For the past month, James Hinchcliffe has been fielding calls and been solicited via e-mail and Facebook for tickets to the inaugural Honda Indy Toronto.

" 'Hey, James, haven't spoken with you in a while but do you have tickets to the Indy this year?' " the gregarious Firestone Indy Lights driver says. "I wish I had a huge chunk I could give to everybody but we're limited and we still want the race to be supported so go and buy the tickets. They're very reasonable and worth every penny because it's a good show."

Partly, that's why the weekend event is so popular – it's a good show as Torontonians shed the layers of clothing and lap up the summer sun along the Lake Ontario circuit. Hinchcliffe, a Toronto native who was born the same year the city hosted the first open-wheel race on the streets (1986), also will have the opportunity to compete on the course. He'll drive the No. 7 Hinchtown/Sam Schmidt Motorsports car in the Grand Prix of Toronto on July 11.

"Torontonians are such big races fans. We loved that event, lived and breathed it since '86 when it started," he said, referring to the CART- and Champ Car-sanctioned race that ended in '07. "It used to be Indy car and now IndyCar is back. We're not picky. It's a unified series; we just love open-wheel racing and love that it's coming back.

"I think everyone in the town was gutted that we didn't make the calendar, but that's understandable. I think everyone is just extra pumped for this year because they've had a year to think about it. I've been to every one since I was 18 months old. My dad's a huge race fan and he used to take us there as a family and then his company used to get a suite so we had VIP treatment a couple of times."

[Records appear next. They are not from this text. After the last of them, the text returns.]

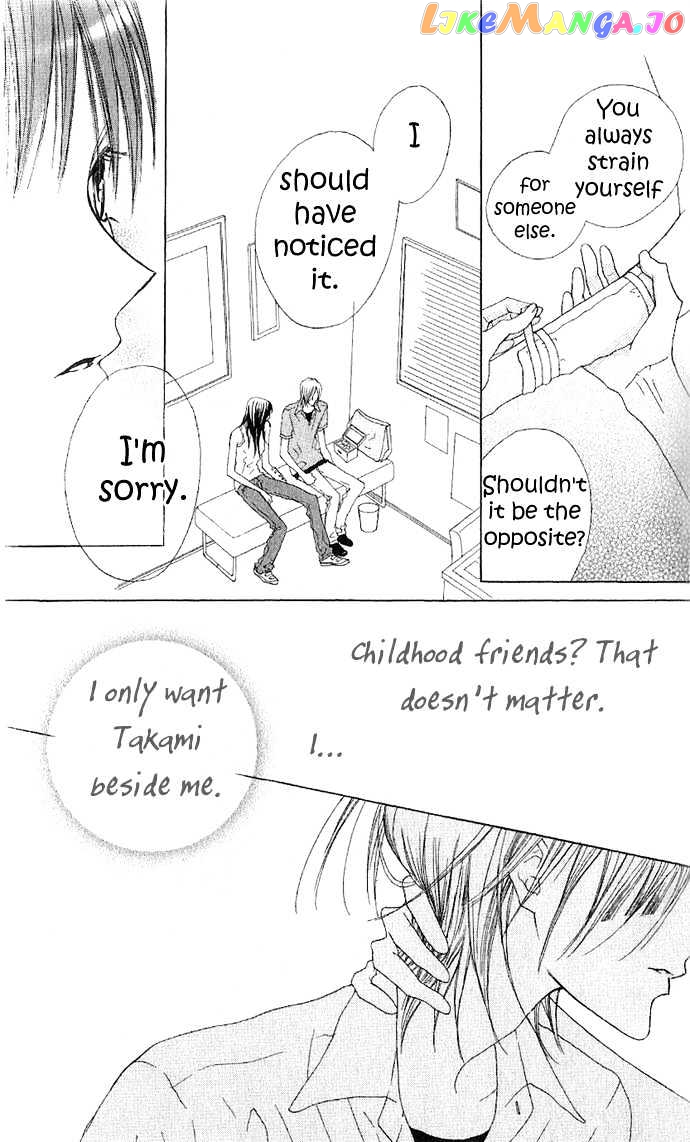 Venus Kisoukyoku chapter 4 - page 29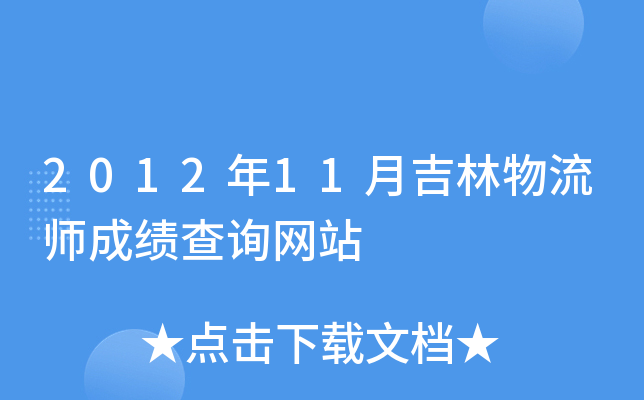 201211¼ɿԃW(wng)վ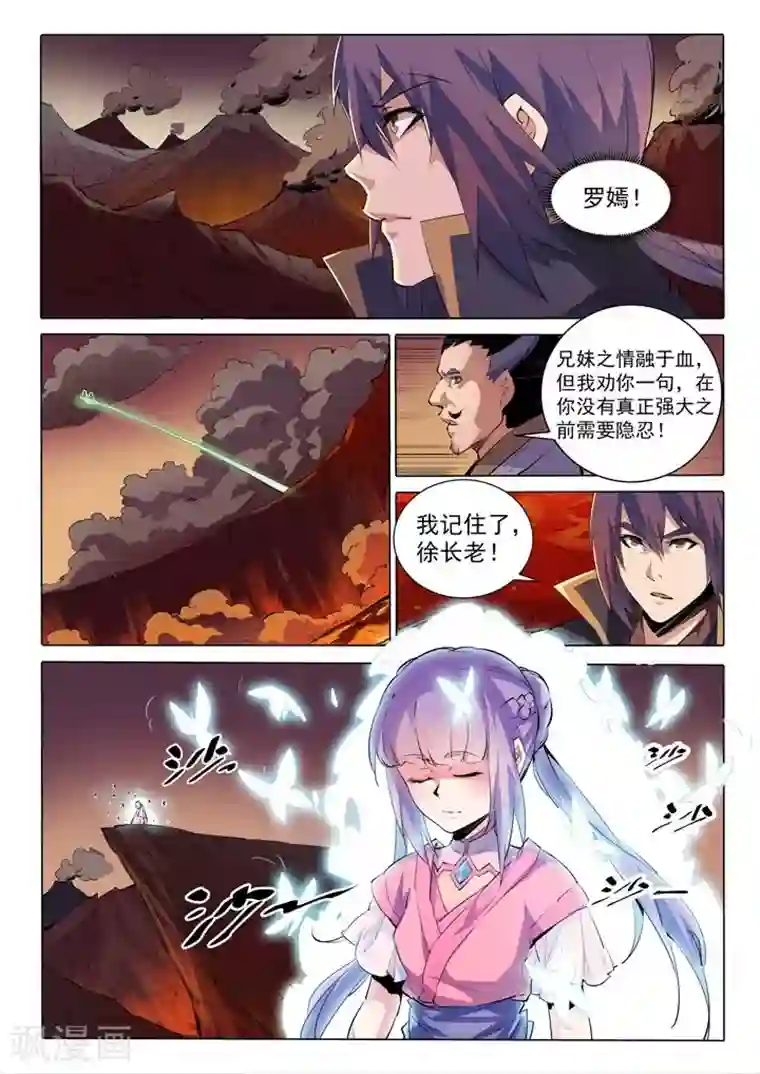 百炼成神第75话 兄妹重逢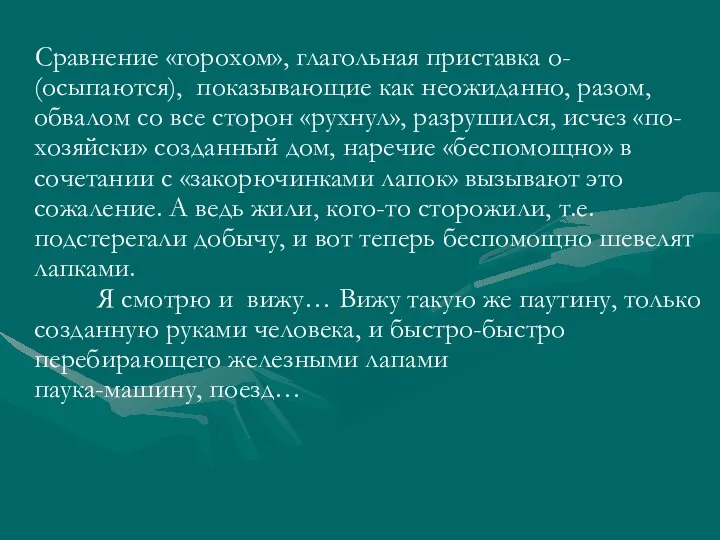 Сравнение «горохом», глагольная приставка о- (осыпаются), показывающие как неожиданно, разом, обвалом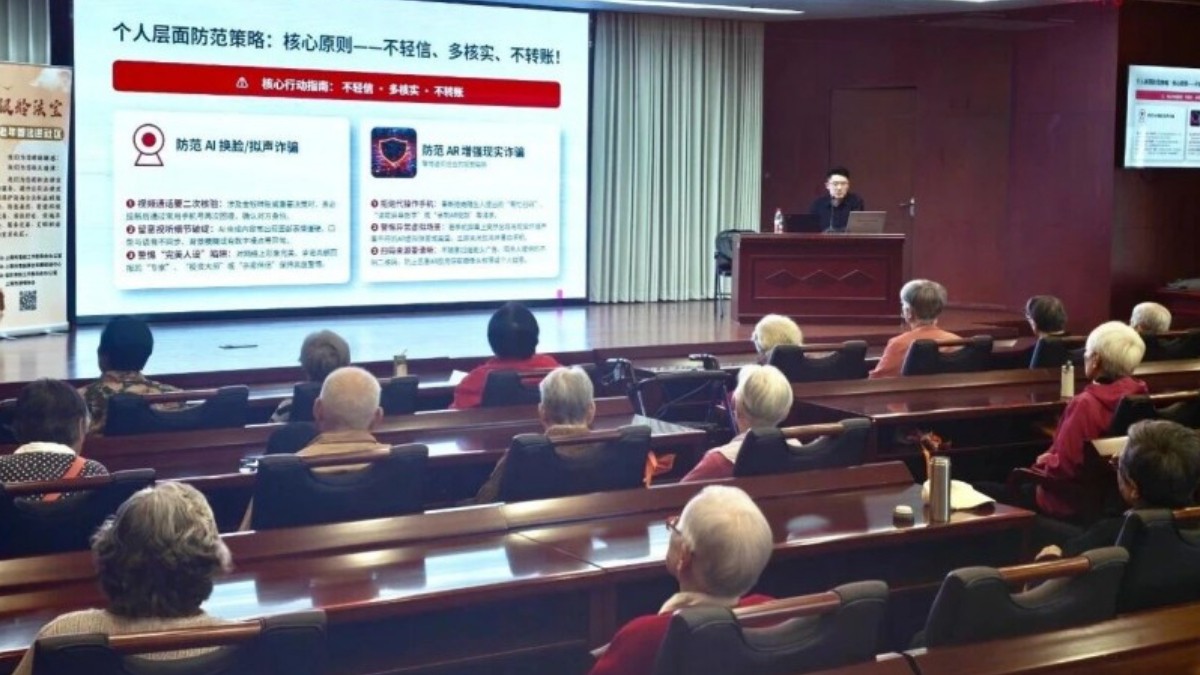 AI换脸冒充“儿女”骗走养老钱？这堂反诈课，爸妈必看！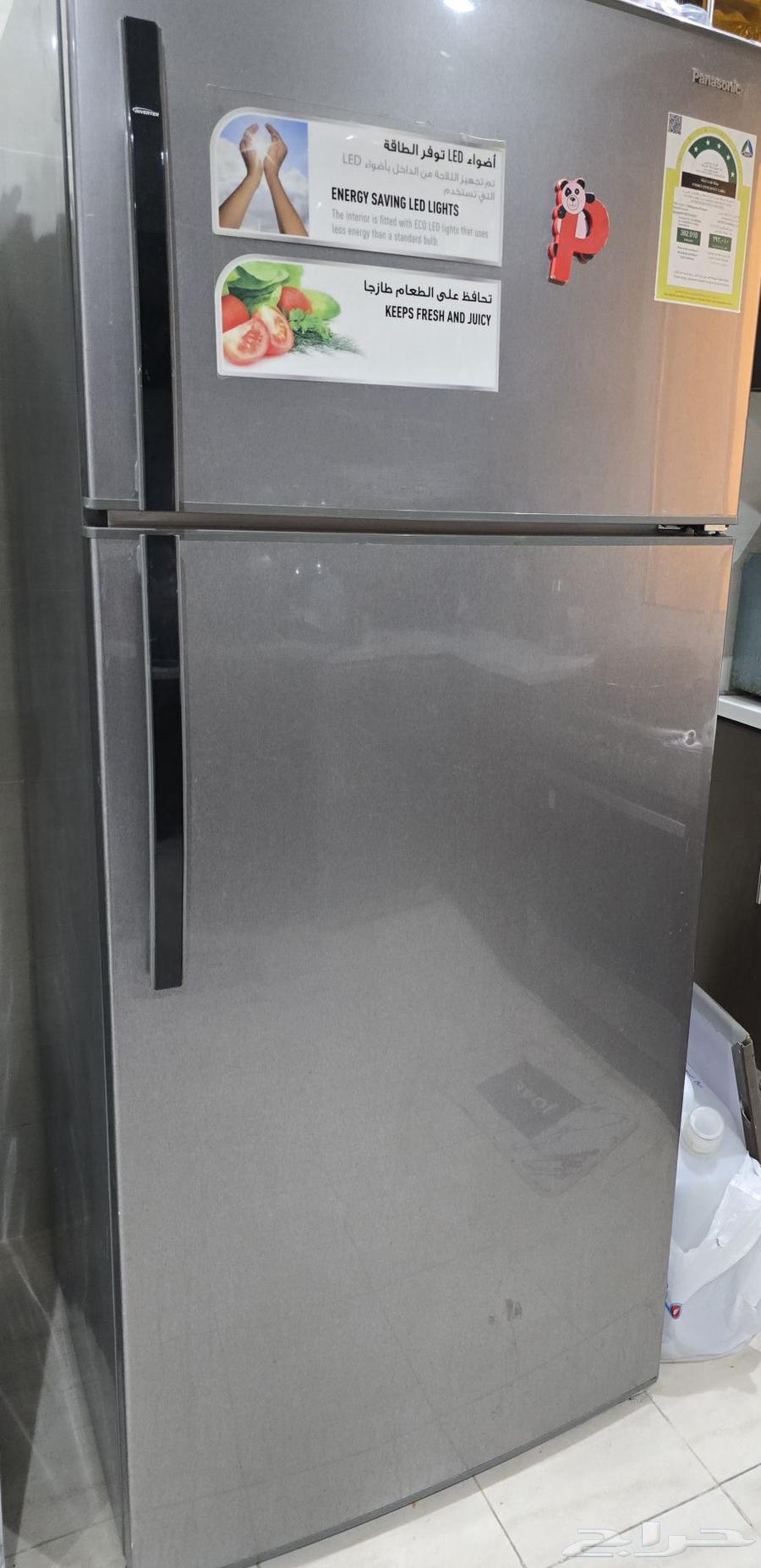 ثلاجتين و برادة مويا للبيع64593179564547110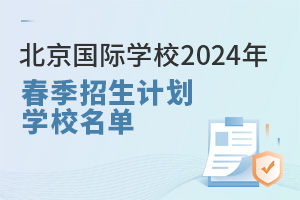 @Щ(gu)HW(xu)Уѽ(jng)l(f)2024괺Ӌ(j)so(bo)!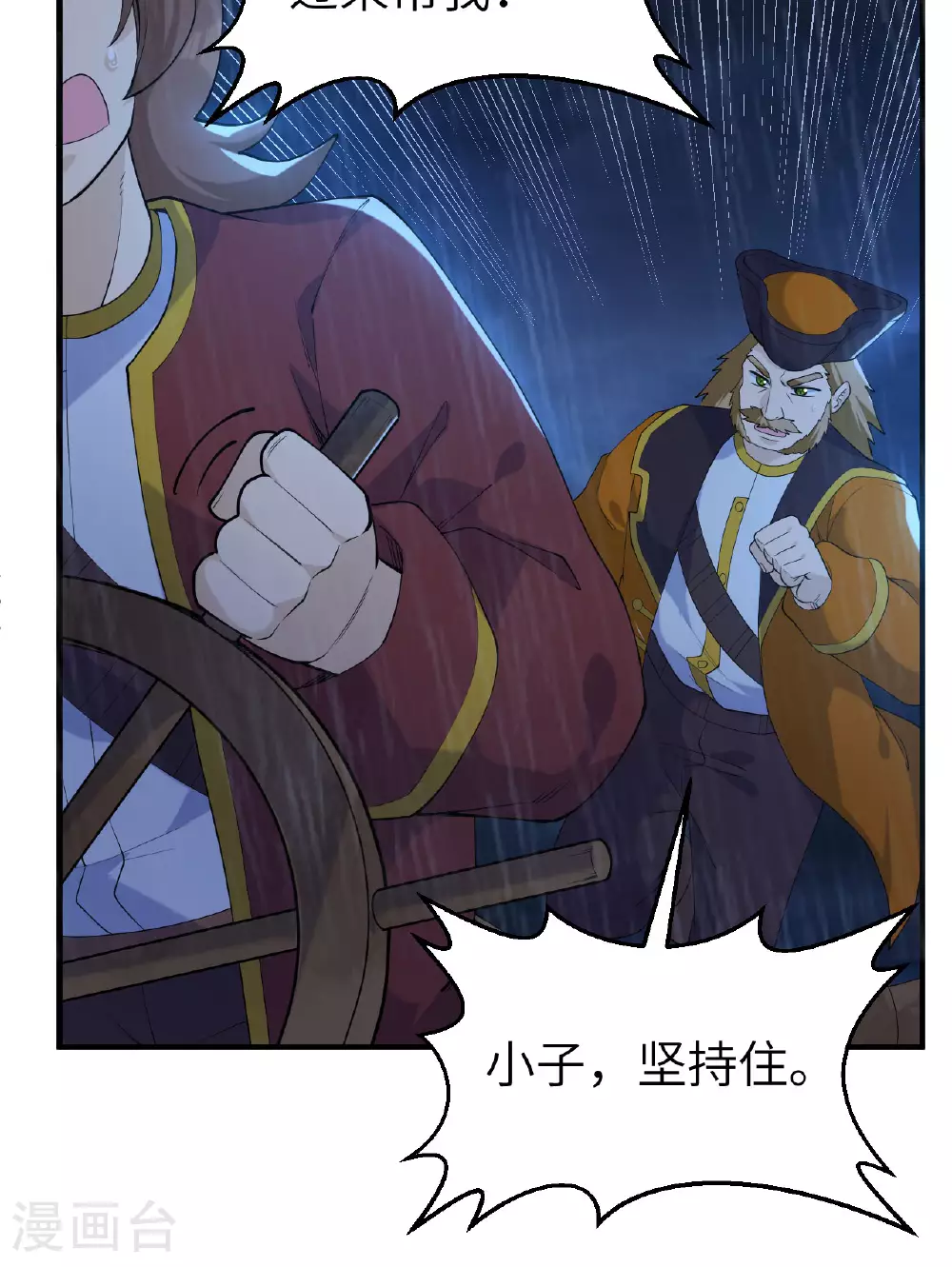 第265话 第20页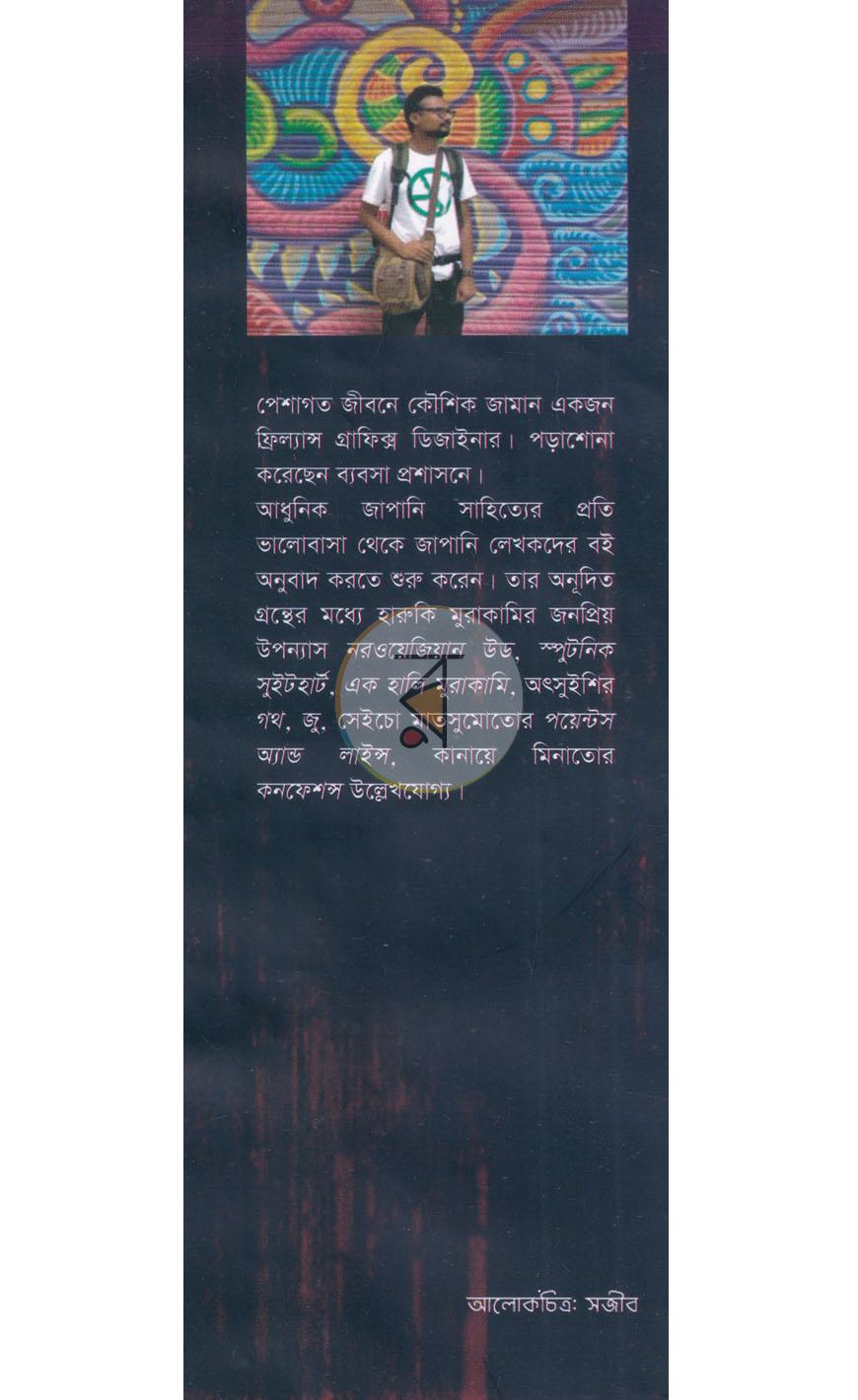 পাতা 14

Hinchcliffe said the 11-turn temporary course is mentally challenging and physically demanding.

"Being able to race there again is awesome. The track is quite cool for a street circuit; it has a couple of really quick corners heading onto the front straight in Turns 10 and 11," he said. "Then you have some really good passing opportunities heading down Lakeshore into Turn 3.

"Traditionally, it puts on a really good show. It's a challenging track because there are a lot of surface changes, high speed and low speed. It's a tough one to get your head around, but it's fun for the driver."

He also has high marks for the city (though Hinchcliffe isn't paid by the ministry of tourism) for first time or first-time-in-a-long-time visitors.

"The whole city just comes alive when the race is there," he said. "The Hockey Hall of Fame is a cool thing. You have to go to the CN Tower, go up the glass elevator. Because of the diversity, you want good Greek food you can find it. Japanese, Chinese, Italian, we have it all. It's cool to explore the city. What's cool about it is it's not just the race."